New US credit card accounts rose to 84.9 million in the second quarter – the most recent quarter for which figures are available -, up 11% from a year earlier according to data released by the American Bankers Association
This growth in new account opening contributed to a post-recession high of 342 million open credit card accounts.
Other positive stats included this snippet: the post-recession high of 84.9 million new accounts included only 20% of sub-prime accounts comprise, down sharply from 28% in 2009.
The UK has also reported record card statistics. Payment card spending amounted to £54.7bn in September – the most recent month for which stats are to hand – up by 0.6% on August. The number of purchases also increased and reached a record 1.3 billion transactions, up by 0.7% during the month.
Predictably, September also witnessed another contactless record: spending on contactless cards increased to £2.4bn billion (4% of total value) with corresponding purchases reaching 275 million (22% of total volume).
That 22% figure for September 2016 compares to 8.9% in September 2015 and a mere 3.2% in September 2014.
How long before the industry moves to increase the UK maximum contactless transaction limit from £30 to £50?
Growth in card spending declined slightly in September with an annual rate of 4.0% – more than twice lower than a year ago (8.3%).

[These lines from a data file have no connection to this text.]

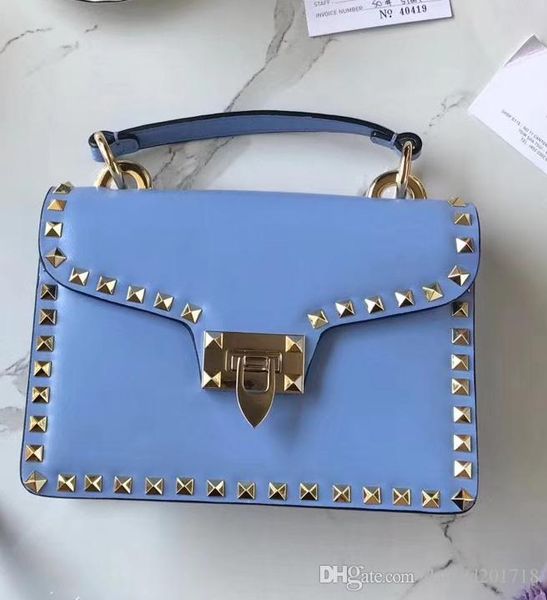 

new european classic luxury style ladies fashion bag, rivet trim style shoulder bag, jewel rivet decorations, pure leather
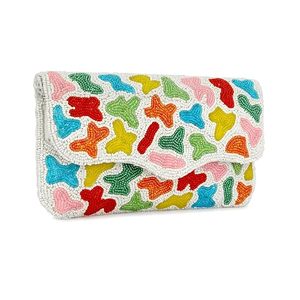 Pochette brodée à la main, motif étoile multicolore, en soie rectangulaire, élégante pour soirées et fêtes, pour femmes - Product Image 1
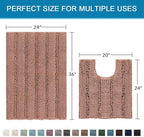 H.VERSAILTEX Bathroom Rugs Bath Rug Set 2 Piece Bathroom Contour Rug Toilet Mat - Image 2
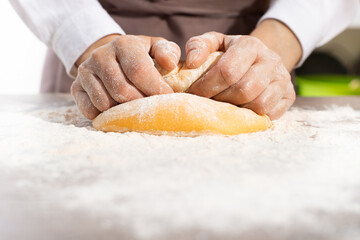 Baking concept. Caucasian female hands kneading the dough.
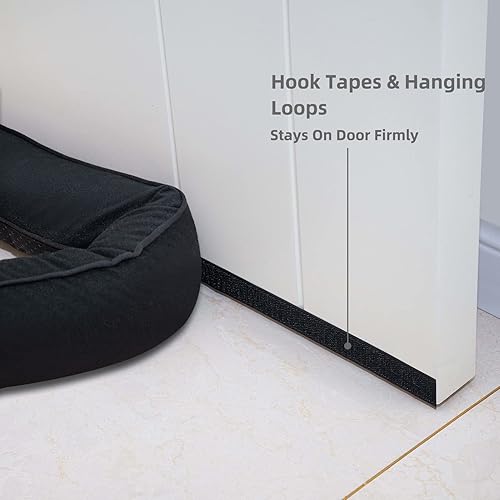 Miniatura 62 de Marwood Tope para debajo de la puerta, tapón de viento de 32 pulgadas para puerta y ventana, tapón de aire francés con peso para puerta delantera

As the UK Cards Association suggests, slower growth in card spending could be linked to a slight increase in the annual consumer price inflation rate.
Back on a positive note, the annual growth rate of the number of purchases (11%) continued to outstrip that of spending, highlighting a consumer preference to use cards more frequently for lower value payments.

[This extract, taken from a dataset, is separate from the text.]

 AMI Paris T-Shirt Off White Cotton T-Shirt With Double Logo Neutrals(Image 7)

Meantime, still in the UK, one of the most interesting biometrics pilots is well underway at RBS. Its NatWest subsidiary has been trialling Israeli tech startup BioCatch’s behavioural biometrics to authenticate customers’ online activity.
BioCatch uses a system that recognises users by how they physically use their computer or tablet instead of utilising user names and passwords.

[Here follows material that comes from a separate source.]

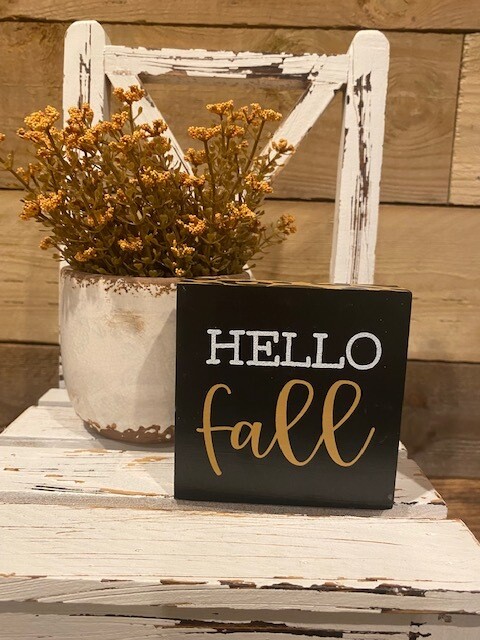 Hello Fall Block Sign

It captures more than 500 points of behaviour including hand-eye coordination, pressure and various finger movements to create a unique user profile.
Following a successful pilot at RBS’ private banking unit Coutts, RBS plans a further pilot, with retail banking customers in the New Year.
Simon McNamara, chief administrative officer of NatWest said, “The technology that we’ve been able to deploy with the help of BioCatch has played a crucial role in strengthening our security systems.
“The breadth of behavioural biometrics that BioCatch technology can monitor is really impressive and we’ve already seen many examples of it alerting us to suspicious activity and protecting our customers from fraud.”
Saving the bank material losses in the last few months alone, the system was able to: stop fraudulent attempts to transfer funds – identify remote access trojans during an online session – Identify fraud attempts occurring across multiple channels (i.e online and mobile).
Lastly, much is made of the need to optimise digital onboarding and rightly so. The news that Fujitsu has launched Smart Origination, customer onboarding technology enabling financial institutions to collect, process and verify documents in less than five minute is interesting.
Fujitsu’s cooperation with ImageWare Systems, InAuth, Intelligent Environments, Mitek, and Trunomi, operates across multiple channels in an attempt to increase conversation and reduce the cost of new customer acquisition and is among the more interesting news stories of the month.